[Short web captions]
◇ ◇ ◇

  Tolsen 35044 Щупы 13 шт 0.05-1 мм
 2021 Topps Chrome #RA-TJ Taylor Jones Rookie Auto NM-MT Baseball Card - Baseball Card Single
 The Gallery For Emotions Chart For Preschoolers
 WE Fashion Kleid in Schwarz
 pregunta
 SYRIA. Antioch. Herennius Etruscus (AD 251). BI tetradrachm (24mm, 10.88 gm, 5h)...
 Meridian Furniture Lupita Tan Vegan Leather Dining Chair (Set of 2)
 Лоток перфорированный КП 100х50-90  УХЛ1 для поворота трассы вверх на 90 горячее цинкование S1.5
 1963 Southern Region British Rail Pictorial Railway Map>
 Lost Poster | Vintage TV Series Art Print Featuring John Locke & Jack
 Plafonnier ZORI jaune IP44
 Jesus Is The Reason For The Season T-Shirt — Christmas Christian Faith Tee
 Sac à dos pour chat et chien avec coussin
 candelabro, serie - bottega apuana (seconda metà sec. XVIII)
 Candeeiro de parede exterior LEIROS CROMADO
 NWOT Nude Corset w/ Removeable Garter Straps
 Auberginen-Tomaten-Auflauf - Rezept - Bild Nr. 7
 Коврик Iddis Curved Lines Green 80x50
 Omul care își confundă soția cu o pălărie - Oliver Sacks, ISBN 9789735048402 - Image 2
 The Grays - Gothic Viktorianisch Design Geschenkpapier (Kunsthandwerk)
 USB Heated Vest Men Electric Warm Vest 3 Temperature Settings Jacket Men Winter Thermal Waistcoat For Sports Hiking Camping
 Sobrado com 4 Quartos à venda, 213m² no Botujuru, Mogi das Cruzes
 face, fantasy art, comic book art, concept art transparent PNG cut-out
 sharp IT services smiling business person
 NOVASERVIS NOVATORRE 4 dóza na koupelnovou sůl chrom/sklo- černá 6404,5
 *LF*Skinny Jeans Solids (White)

◇ ◇ ◇

* [TASK STATEMENT] Nothing but the exact lines of the data above, from the line containing "sharp IT services smiling business person" through the last, should appear in the answer.

* [RESULT OF THE EXERCISE]
 sharp IT services smiling business person
 NOVASERVIS NOVATORRE 4 dóza na koupelnovou sůl chrom/sklo- černá 6404,5
 *LF*Skinny Jeans Solids (White)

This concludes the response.